The bank, a subsidiary of the insurance giant, didn’t start from scratch in its analysis of the First National properties. It already had begun looking at the region for possible expansion.

“Mutual of Omaha Bank’s growth strategy is to expand into fast-growing markets where Mutual of Omaha has strong brand recognition and a good pool of existing insurance customers,” says Jim Nolan, a spokesman for the company. “The Southwest figured prominently in those plans.”

At noon on July 24 just barely more than 24 hours before the closure of the banks would be disclosed Mutual of Omaha Bank executives learned they were the successful bidders to take over the $3.2 billion in deposits at the First National and First Heritage banks.

The bank agreed to take over all the deposits even those that weren’t covered by FDIC insurance. That’s a rarity, only the second time it’s happened in the 10 bank failures recorded nationwide in the last two years.

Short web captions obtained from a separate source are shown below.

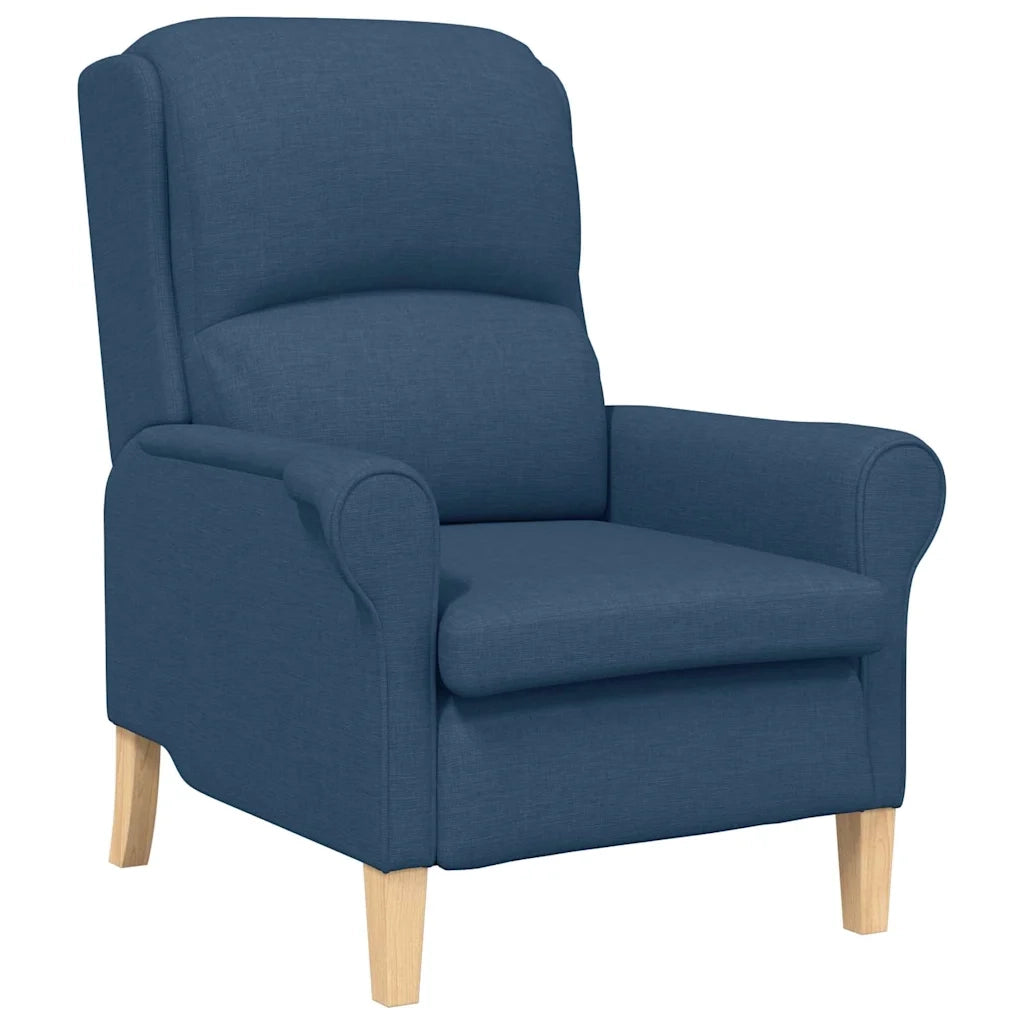 fauteuil Bleu tissu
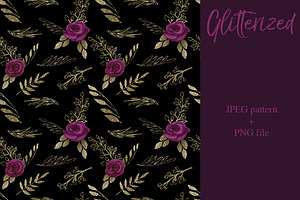 SALE GLITTERIZED Clipart & Patterns6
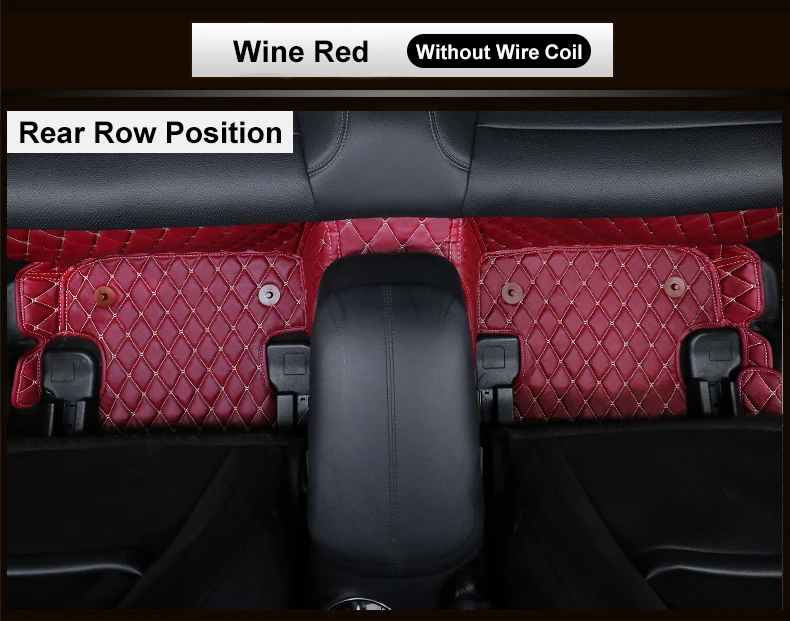 QHCP автомобильные коврики ковер из микрофибры провода коврик для ног коврик съемный черный, красный ковры для Ford Mustang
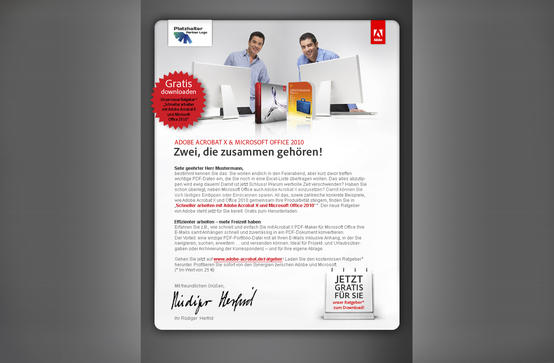 Adobe Acrobat X & MS Office 2010: Zwei gehören zusammen - E-Blast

More typically, customers of failed banks have received only a percentage of their uninsured deposits.

Mutual of Omaha Bank also agreed to buy about $200 million in assets mostly loans that were on the failed banks’ books.

It’s still sorting through those loans, deciding which ones it wants to keep, Williams says. The loans that Mutual of Omaha Bank doesn’t take will end up in the hands of the FDIC.

Executives of the Nebraska bank worked furiously during the weekend to get the institutions reopened under a new name and new ownership.

Financial, legal, banking, human resources, facilities and communications teams worked at locations in Nevada, Arizona and California as well the bank’s Nebraska home office through the weekend.

In Reno, they labored alongside employees of First National Bank of Nevada.

“Since we had no operations in Nevada, Arizona and California prior to this acquisition, the existing bank team was critical to our being able to open successfully on Monday morning,” Mutual of Omaha Bank’s

Nolan says. “Over the next 60 days, we will be evaluating the current management and staff and making sure the right people are in place to ensure that we are successful.”

As they worked, they had fresh memories of the angry customers who had lined up for blocks to withdraw funds from the failed IndyMac Bank in Southern California.

They decided they wouldn’t treat the Reno re-opening on Monday morning as the defeat of failed bank, but instead planned a gala celebration balloons, doughnuts of the opening of a new bank in Reno.

And at 7:15 a.m. on Monday, more than an hour and half before the scheduled opening of the Neil Road location, Mutual of Omaha Bank officials threw open the doors, rapped on the windows of a few waiting cars and invited customers to come in.

Only a handful of customers, Williams says, decided to withdraw their deposits and a few more wanted advice on how to structure accounts for maximum FDIC coverage.

A sheriff’s deputy posted in the bank’s lobby to keep order didn’t have much to do and was deep into a book by mid-week.

Williams, who didn’t sleep at all the night that the bank was shut down and slept only six hours during the entire weekend, was relieved last week as he began to set aside the turmoil of the failed bank and began calling potential borrowers to put the bank’s deposits to work.

“It’s an opportunity to put good quality loans on our books,” he says, “an opportunity to start off with a clean slate.”